Although the announcement centres on motorsport, its wider significance lies in the continued convergence of digital simulation, digital twins and software-driven engineering. These capabilities are increasingly being adopted across manufacturing sectors seeking to shorten development cycles, reduce reliance on physical testing and improve product performance before production begins.

For manufacturers facing growing pressure to reduce development costs while bringing increasingly complex products to market more quickly, the ability to validate engineering decisions in a virtual environment is becoming a core element of digital transformation.

Virtual engineering is changing product development

Engineering has traditionally relied on successive rounds of physical prototyping to validate design decisions. While simulation has been part of product development for many years, advances in computing power and software integration are allowing manufacturers to model far more complex interactions between different engineering disciplines before a product is ever built.

ORECA has replaced its legacy CFD environment with Siemens’ technologies as it seeks to expand the use of advanced simulation across its racing programmes.

The company says the new environment will improve simulation efficiency while enabling more advanced multiphysics analysis and stronger workflow integration across its engineering teams.
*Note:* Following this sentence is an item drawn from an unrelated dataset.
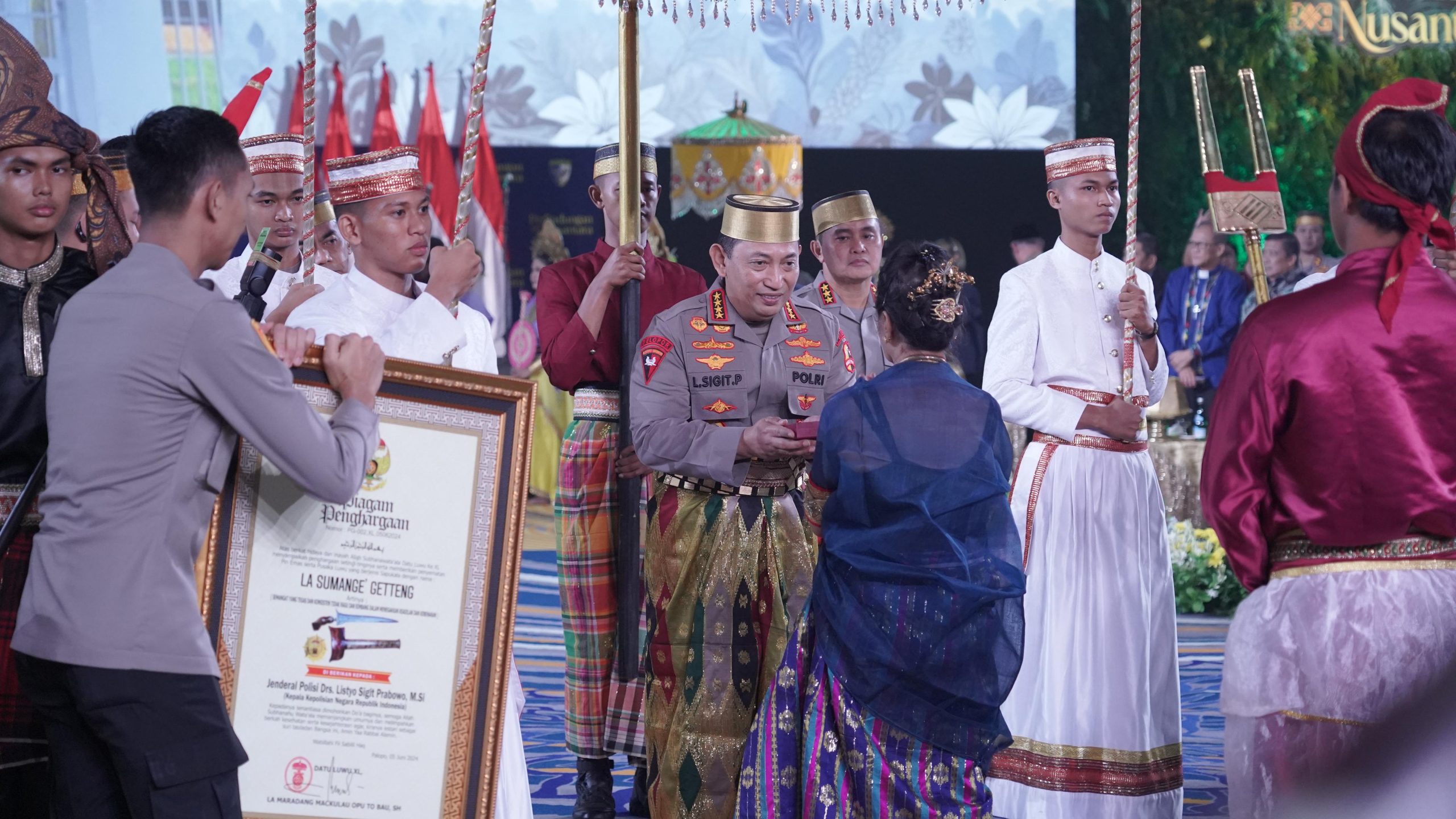 Kapolri Dianugerahi Gelar Adat-Pusaka oleh Dewan Adat dan Kerajaan di Sulawesi Selatan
Rather than examining individual engineering disciplines in isolation, multiphysics simulation allows engineers to understand how aerodynamic, thermal and mechanical factors interact simultaneously. That provides a more comprehensive understanding of how products are likely to behave under real operating conditions.

The approach reflects a broader shift in manufacturing, where digital transformation increasingly focuses on creating connected engineering environments rather than deploying standalone software tools.

By linking design, simulation and optimisation more closely together, manufacturers can identify potential performance issues earlier in development, reducing both engineering risk and the need for costly physical iterations.

Digital twins continue to move into mainstream manufacturing

At the centre of Siemens’ approach is the digital twin, which enables engineers to evaluate and refine designs in a virtual environment before committing to production.

ORECA is using Simcenter STAR-CCM+ to support CFD workflows and carry out complex multiphysics simulations combining aerodynamic, thermal and brake-related effects. Simcenter Optistruct is being used to optimise carbon fibre composite layups, helping engineers balance stiffness and weight in components where performance is critical.

Jean-Philippe Pelaprat, head of aerodynamics at the ORECA Group, said the organisation had been seeking a simulation environment capable of supporting faster and more streamlined workflows from design through simulation while enabling new forms of multiphysics analysis. He said Siemens’ software gives engineering teams greater flexibility to conduct more advanced simulations and optimise composite structures within a demanding motorsport environment.

Siemens says the collaboration forms part of its wider focus on digital twin technologies and software-driven engineering. According to the company, these approaches support virtual-first development by reducing reliance on physical testing while enabling continuous performance optimisation throughout the engineering process.

Sam Mahalingam, executive vice-president of Simulation, HPC and AI at Siemens Digital Industries Software, said the collaboration demonstrates how simulation-driven engineering enables organisations to explore new design approaches by combining advanced CFD and composite optimisation within a digital twin environment. He said the technologies are intended to support innovation in some of the world’s most demanding engineering programmes.

While motorsport often serves as a proving ground for advanced engineering techniques, the underlying technologies are increasingly relevant far beyond the race circuit. Automotive manufacturers and companies across advanced manufacturing face many of the same pressures to improve product performance, shorten development times and manage increasingly complex engineering requirements.

As digital transformation continues to reshape manufacturing, competitive advantage is likely to depend not only on how efficiently products are made, but also on how intelligently they are engineered before production begins. The growing use of simulation-driven development suggests that, for many manufacturers, the most valuable factory may increasingly be the virtual one.